Киотский протокол и Россия.
Ратификации Киотского протокола Россией предшествовала долгая дискуссия среди ученых и политиков, которая не прекратилась и после ратификации.
Казалось бы, Киотский протокол не требует от России никаких дополнительных природоохранных действий. Ведь в 1990-е, когда российская промышленность переживала тяжелый кризис, выбросы парниковых газов без каких-либо специальных мер сократились более чем на 1/3, в результате чего общий их объем составлял примерно 1900 млн. т СО2-эквивалента. Однако с 2000 начался экономический рост, вызвавший рост выбросов парниковых газов. Поэтому важнейшей задачей социально-экономического развития страны на долгосрочную перспективу стало снижение энергоемкости ВВП. Это возможно только при коренной перестройке структуры промышленного производства – резкого снижения доли энергоемких производств. В противном случае Россия быстро (примерно к 2008–2010) вернется к уровню выбросов 1990, и ей придется либо покупать дополнительные квоты, либо тормозить промышленное производство.
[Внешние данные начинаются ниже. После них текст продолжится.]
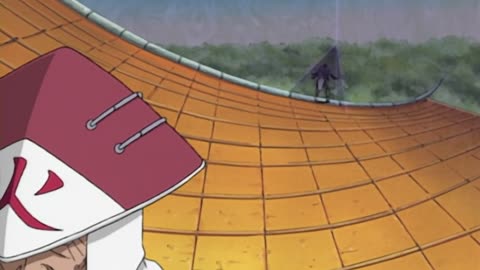 [Anime Time] Naruto - 069 - Village in Distress A New A-Ranked Mission!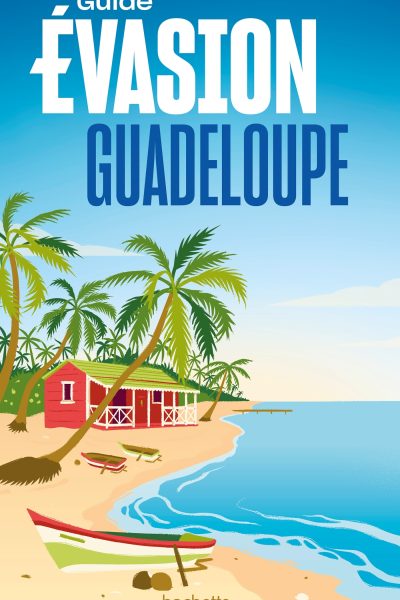 GUADELOUPE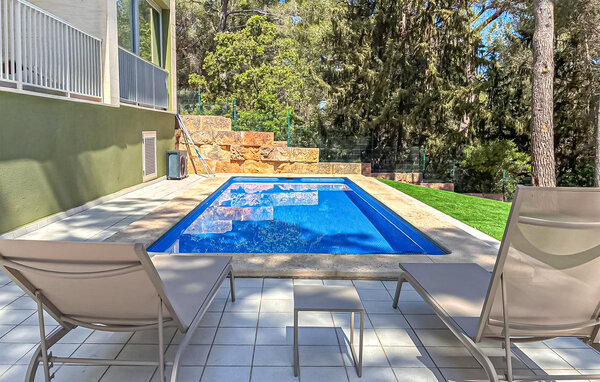 Holiday Home - Alcudia , Spain - EMI681 2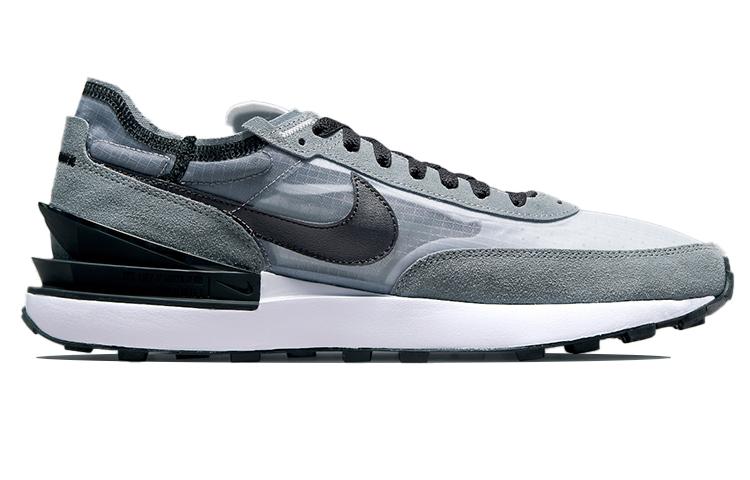 Nike Waffle One "GreyBlack"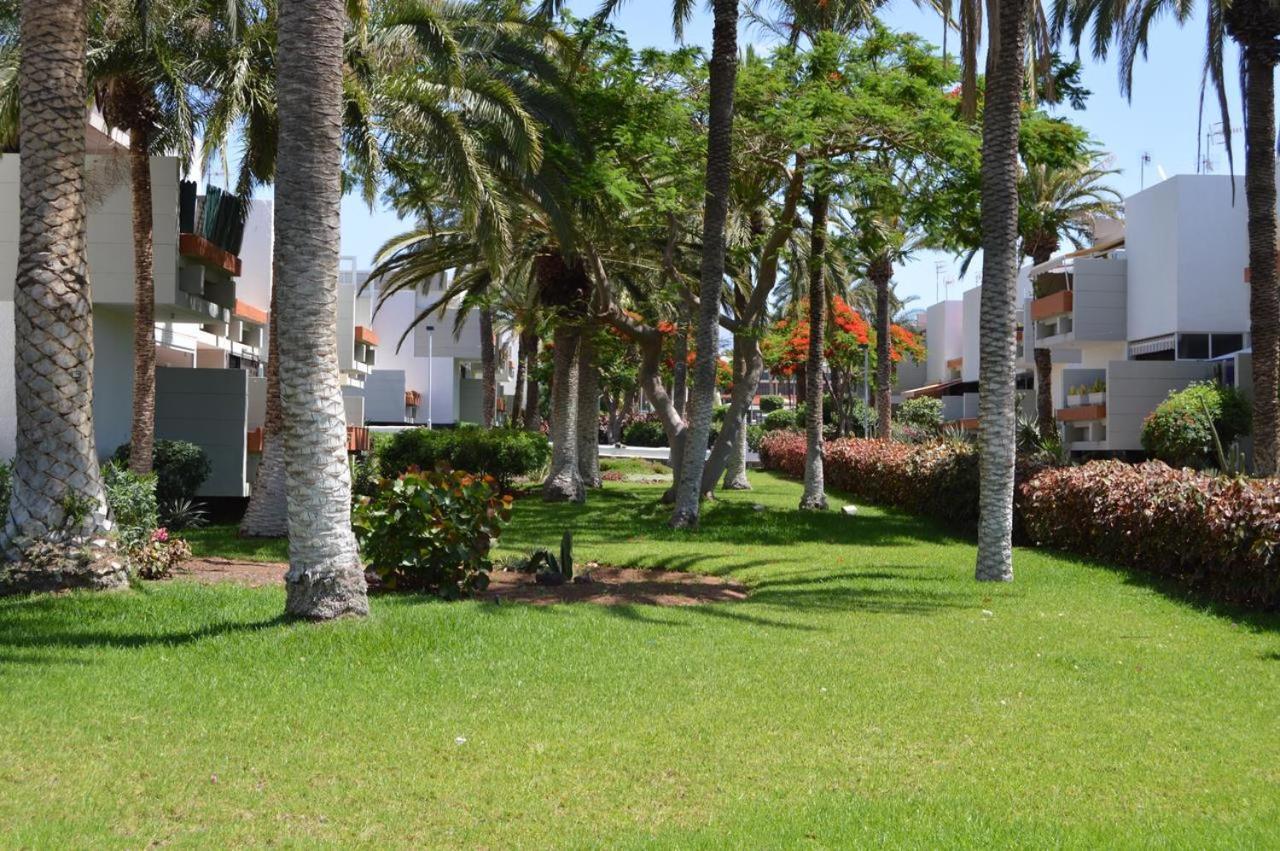 Casa Naranja Daire Costa Del Silencio Dış mekan fotoğraf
Противники протокола полагают, что России будет очень трудно одновременно наращивать производство и изменять его структуру, отказываясь от сложившейся специализации на добыче и экспорте нефти и газа. Поэтому исполнение Киотского протокола окажется тормозом на пути экономического развития страны. Советник Президента России А.Илларионов прямо писал, что «ратификация Российской Федерацией Киотского протокола как минимум приведет к существенному замедлению темпов ее экономического роста», а как максимум – к абсолютному сокращению экономического потенциала России (т.е. к спаду производства).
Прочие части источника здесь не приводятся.